Buckhead's doubts were No. 47 in a list of 217 comments, on one of dozens of such discussion threads. But they were noticed by Tom Mortensen and Liz MacDougald who, the next morning, emailed the link to Scott Johnson, a lawyer in St. Paul. Sitting at home, Johnson reprinted Buckhead on the blog he runs with two fellow lawyers, Power Line (powerlineblog.com), at 8:51 A.M., and then went to work. When he arrived at the office, he had nearly 50 reader emails waiting for him from people like John Risko, a former Navy clerk and typist, who explained why he, too, thought the memos might be forged.

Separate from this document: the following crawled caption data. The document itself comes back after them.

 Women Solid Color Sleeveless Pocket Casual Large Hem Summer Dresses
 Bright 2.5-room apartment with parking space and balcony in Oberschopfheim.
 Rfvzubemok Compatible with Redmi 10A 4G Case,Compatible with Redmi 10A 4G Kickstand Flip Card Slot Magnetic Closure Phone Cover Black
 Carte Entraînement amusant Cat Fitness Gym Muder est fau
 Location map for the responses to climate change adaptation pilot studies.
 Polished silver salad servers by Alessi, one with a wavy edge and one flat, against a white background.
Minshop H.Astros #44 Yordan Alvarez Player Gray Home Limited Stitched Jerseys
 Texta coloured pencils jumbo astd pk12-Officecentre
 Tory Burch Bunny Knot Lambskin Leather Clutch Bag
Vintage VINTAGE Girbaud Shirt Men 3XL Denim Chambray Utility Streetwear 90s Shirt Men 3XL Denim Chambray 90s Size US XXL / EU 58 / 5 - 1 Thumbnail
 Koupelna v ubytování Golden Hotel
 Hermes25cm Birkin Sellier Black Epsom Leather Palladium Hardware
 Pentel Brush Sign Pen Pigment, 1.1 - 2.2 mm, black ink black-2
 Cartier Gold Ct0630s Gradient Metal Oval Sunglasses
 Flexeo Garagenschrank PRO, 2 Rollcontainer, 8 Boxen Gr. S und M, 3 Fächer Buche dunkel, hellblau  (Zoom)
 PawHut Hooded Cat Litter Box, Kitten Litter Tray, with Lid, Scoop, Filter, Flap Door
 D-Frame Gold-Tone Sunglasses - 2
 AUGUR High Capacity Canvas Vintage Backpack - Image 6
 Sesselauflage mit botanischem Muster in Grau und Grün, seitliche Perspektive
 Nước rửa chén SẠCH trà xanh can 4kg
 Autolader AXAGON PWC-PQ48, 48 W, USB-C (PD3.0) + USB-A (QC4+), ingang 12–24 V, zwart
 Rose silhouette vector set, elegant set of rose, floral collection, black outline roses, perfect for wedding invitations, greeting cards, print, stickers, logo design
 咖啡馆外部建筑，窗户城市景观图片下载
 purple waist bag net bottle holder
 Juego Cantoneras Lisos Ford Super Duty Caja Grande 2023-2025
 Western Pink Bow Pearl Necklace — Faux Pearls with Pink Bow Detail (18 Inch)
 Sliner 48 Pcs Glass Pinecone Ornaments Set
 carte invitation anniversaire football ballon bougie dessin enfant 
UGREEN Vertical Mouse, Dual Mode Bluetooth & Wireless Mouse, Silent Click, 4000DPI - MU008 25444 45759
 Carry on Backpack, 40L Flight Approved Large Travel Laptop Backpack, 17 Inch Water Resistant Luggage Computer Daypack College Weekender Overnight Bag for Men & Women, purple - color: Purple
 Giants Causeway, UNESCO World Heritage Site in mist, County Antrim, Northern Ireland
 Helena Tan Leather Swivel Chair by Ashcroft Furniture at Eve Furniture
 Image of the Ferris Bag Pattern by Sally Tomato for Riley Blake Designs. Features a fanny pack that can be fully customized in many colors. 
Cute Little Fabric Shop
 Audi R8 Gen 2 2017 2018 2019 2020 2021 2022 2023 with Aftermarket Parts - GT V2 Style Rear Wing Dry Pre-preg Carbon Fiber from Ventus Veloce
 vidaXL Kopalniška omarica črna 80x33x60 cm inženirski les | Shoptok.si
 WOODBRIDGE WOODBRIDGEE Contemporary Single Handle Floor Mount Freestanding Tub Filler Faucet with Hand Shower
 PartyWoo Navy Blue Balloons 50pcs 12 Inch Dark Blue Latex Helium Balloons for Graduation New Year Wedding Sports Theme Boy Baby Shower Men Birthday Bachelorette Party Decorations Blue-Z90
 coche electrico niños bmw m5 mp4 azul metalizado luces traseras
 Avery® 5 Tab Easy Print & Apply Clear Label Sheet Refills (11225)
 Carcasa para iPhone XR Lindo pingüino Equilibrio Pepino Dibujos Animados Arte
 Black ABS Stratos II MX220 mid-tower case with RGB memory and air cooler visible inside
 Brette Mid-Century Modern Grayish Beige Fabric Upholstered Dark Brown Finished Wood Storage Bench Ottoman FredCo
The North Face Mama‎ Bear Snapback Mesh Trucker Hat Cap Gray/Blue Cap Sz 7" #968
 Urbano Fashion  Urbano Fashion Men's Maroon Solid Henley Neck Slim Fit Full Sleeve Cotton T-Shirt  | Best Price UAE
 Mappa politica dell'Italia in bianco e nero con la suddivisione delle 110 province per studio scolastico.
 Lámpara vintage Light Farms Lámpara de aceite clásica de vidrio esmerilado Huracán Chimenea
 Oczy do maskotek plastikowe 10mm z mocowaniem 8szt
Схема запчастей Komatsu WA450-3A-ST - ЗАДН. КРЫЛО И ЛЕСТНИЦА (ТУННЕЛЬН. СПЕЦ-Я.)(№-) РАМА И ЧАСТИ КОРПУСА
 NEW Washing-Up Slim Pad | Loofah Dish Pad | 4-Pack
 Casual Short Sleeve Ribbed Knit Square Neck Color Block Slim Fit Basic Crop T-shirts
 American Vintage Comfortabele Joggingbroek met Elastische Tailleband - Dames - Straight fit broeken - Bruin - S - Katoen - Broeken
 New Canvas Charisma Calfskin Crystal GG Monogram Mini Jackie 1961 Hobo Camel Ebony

This small snowball of doubt was about to become an avalanche as something Los Angeles radio host and blogger Hugh Hewitt calls the blogosphere's "multiplier effect" took over. In California, Charles Johnson, who runs the blog Little Green Footballs, had seen both Buckhead and Power Line and decided to run a test. A desktop publishing pioneer and webpage designer in his day job, Johnson opened Microsoft Word and without changing any of the default settings--tabs, margins, font--created an eerily similar replica of one of the memos in just a few minutes, and posted it at 1:24 P.M. By lunchtime Thursday, the small, incestuous blog world was humming with the notion that CBS had presented forgeries. The story went nationwide at 2:50 P.M., when the Drudge Report linked to Power Line with the headline: "'60 Minutes' Documents on Bush Might Be Fake /// 32-year-old documents produced Wednesday by CBSNEWS 60 MINS on Bush's Guard service may have been forged using a current word processing program // typed using a proportional font, not common at that time, and they used a superscript font feature found in today's Microsoft Word program, Internet reports claim . . . Developing . . ."

The server hosting Power Line crashed as hundreds of thousands of Drudge readers tried to learn about the 60 Minutes scandal. By 5:00 P.M., CBS was spooked enough to release a statement saying the memos were "thoroughly investigated by independent experts, and we are convinced of their authenticity." At 7:20 P.M., Stephen F. Hayes published a piece on weeklystandard.com citing interviews with several forensic document experts, none of whom thought the documents were authentic. Before the night was done, ABC News got in on the action, posting a story on its website calling the memos possible forgeries. In just 24 hours, the CBS story had been almost completely undermined.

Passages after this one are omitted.